In a complaint, Clemons' mom said Patrick was sweating, had chest pain and couldn't catch his breath. 

He was claiming he had to walk to the stretcher himself from inside and nothing was done for him until he was loaded into the back of the ambulance. His aunt was there.

"Never when we were there did they reach out, do anything," said Hodges. 

Now a formal complaint has been filed through Detroit EMS administration, alleging "inappropriate care."

The medics Julian Holts a paramedic and Michael Morgan, an EMT, were fired, pending an arbitration.

Morgan was the one riding in the back with Patrick Clemons.

"Doing CPR, saying 'Please don't go, this is not your time,'" Morgan said. "(I said) 'You have a family that loves you, you have a mother, a grandmother, you have everyone that loves you.'"  

FOX 2 spoke with Morgan over the phone in an impromptu call while we were interviewing his union leadership who back up him and his partner - 100 percent. They said he's saved lives before and was even awarded for keeping a teen girl alive.

"Nothing to lead anyone to believe they weren't totally and fully engaged in providing appropriate patient care," said William Harp, vice-president, Detroit Firefighters Association. "On this run and every other run they've been on."

The union says based on the situation and Clemons' heart monitoring readings, the compressions and care given were the right call.

"I didn't get into this job to not save a life," Morgan said. "The city hired me to do a job, and to do it the correct way."

FOX 2: "In your mind you did everything you could?"

"Yes," Morgan said.

The state is also investigating this case.

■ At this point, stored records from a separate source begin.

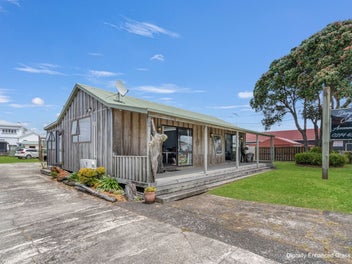 Two Homes, Commercial Zoning, Many Options.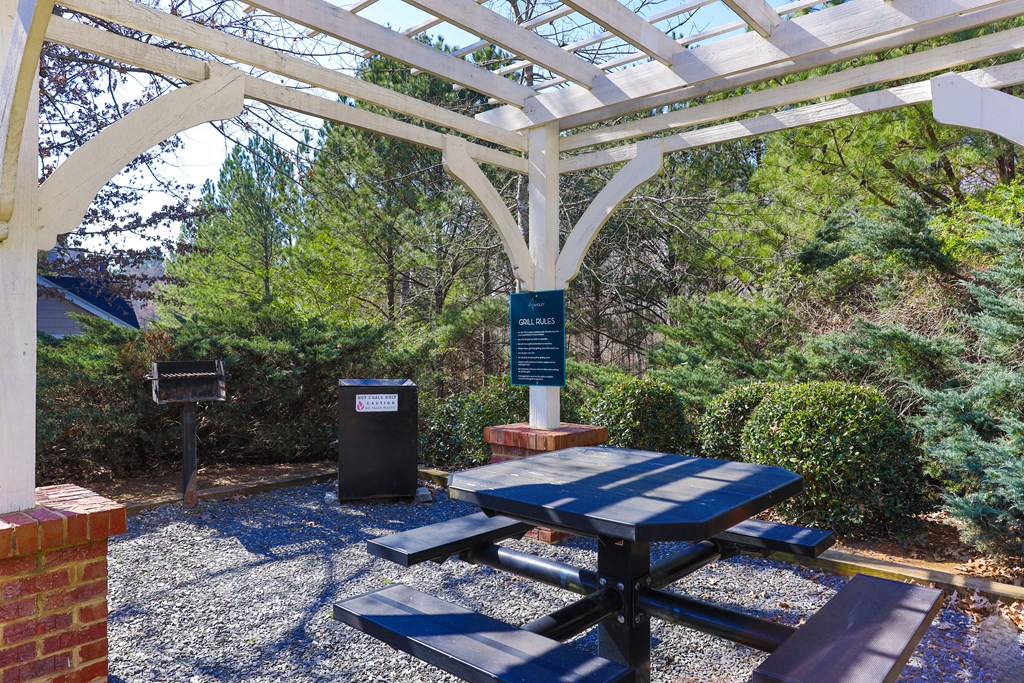 a picnic area with a table and benches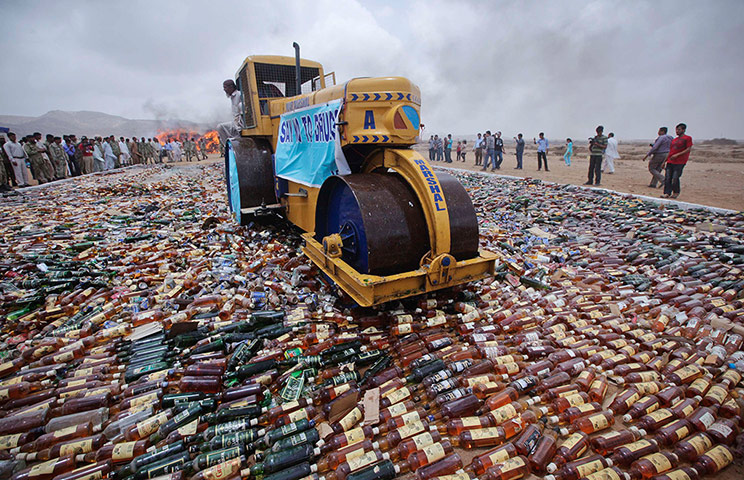 Picture Desk Live: A steam roller moves through a pile of confiscated liquor bottles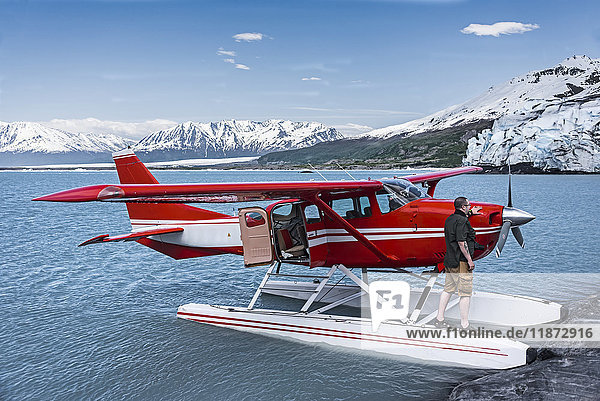 Mann steht auf dem Schwimmer einer Cessna 206  Lake George  Colony Glacier  Süd-Zentral-Alaska  USA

There was a hearing this week in front of an administrative judge.

Clemons' mom now has an attorney, she referred questions to him.

The union has said it has concerns about the heart monitor and whether or not it is accurate and if it actually works. In fact, they say they filed a grievance against this particular heart monitor in terms of the amount of time they had to evaluate it in the field. 

They say that the EMTs that were there and the paramedic had never worked with that heart monitor before.